* **DATA SUPPLIED**:
════════════════
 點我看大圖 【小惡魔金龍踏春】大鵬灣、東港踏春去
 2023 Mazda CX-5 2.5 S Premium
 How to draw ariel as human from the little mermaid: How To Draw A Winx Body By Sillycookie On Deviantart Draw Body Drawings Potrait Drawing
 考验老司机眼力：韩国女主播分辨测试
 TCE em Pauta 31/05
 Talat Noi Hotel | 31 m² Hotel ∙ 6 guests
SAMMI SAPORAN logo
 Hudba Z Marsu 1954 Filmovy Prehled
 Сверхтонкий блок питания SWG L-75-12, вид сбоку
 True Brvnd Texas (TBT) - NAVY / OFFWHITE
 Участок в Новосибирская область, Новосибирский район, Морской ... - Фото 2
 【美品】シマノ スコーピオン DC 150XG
════════════════
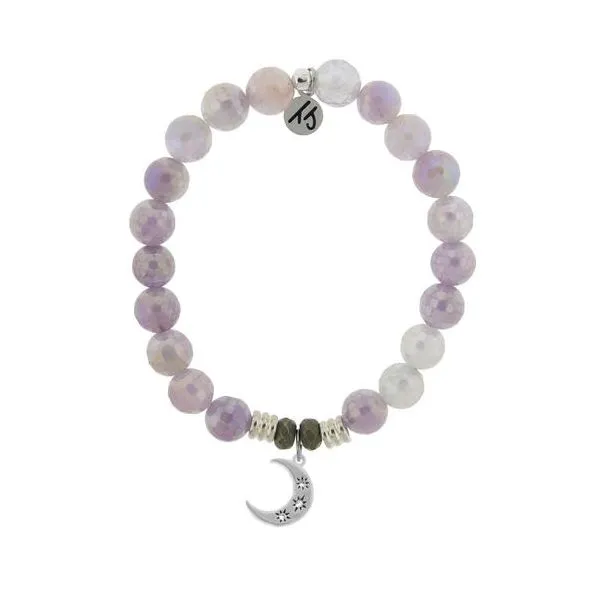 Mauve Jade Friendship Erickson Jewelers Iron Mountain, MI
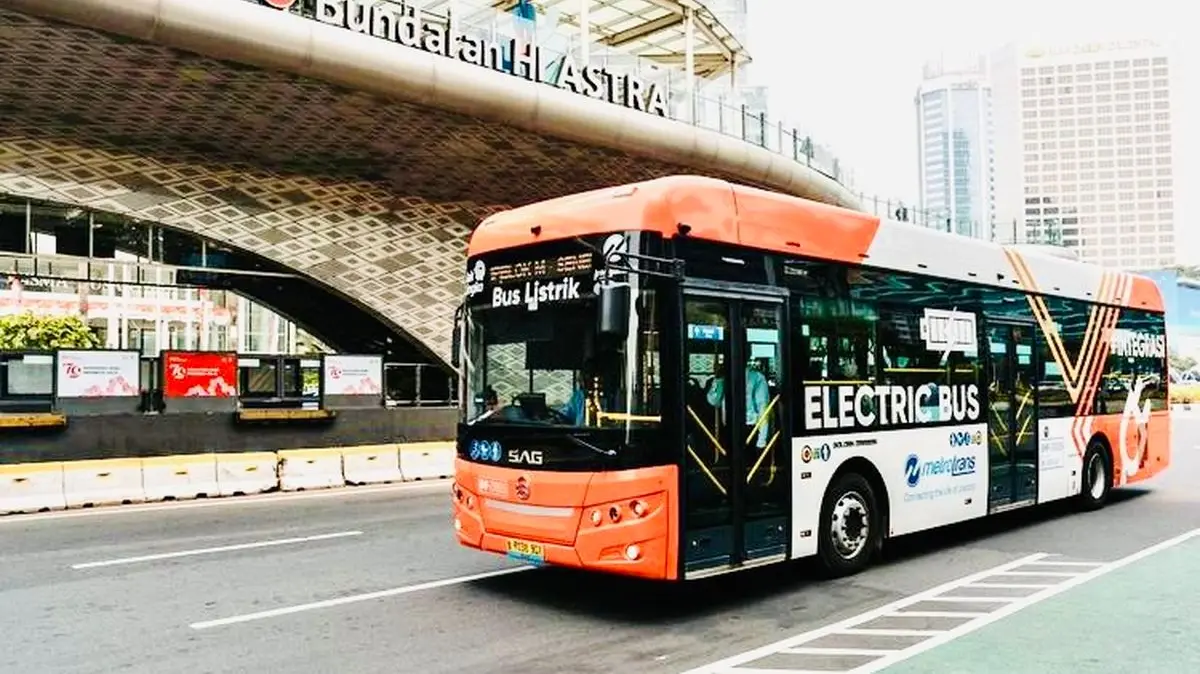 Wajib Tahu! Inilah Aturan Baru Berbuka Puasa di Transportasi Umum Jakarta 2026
════════════════
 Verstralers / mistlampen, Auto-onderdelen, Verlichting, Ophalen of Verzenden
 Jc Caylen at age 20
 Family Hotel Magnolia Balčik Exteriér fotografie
════════════════
* **WHAT TO WORK ON**: In the listing above, find the line with "Talat Noi Hotel | 31 m² Hotel ∙ 6 guests" and the line with "スコーピオン DC 150XG", then print exactly those lines and every line between them.

* **FINISHED TASK**:
 Talat Noi Hotel | 31 m² Hotel ∙ 6 guests
SAMMI SAPORAN logo
 Hudba Z Marsu 1954 Filmovy Prehled
 Сверхтонкий блок питания SWG L-75-12, вид сбоку
 True Brvnd Texas (TBT) - NAVY / OFFWHITE
 Участок в Новосибирская область, Новосибирский район, Морской ... - Фото 2
 【美品】シマノ スコーピオン DC 150XG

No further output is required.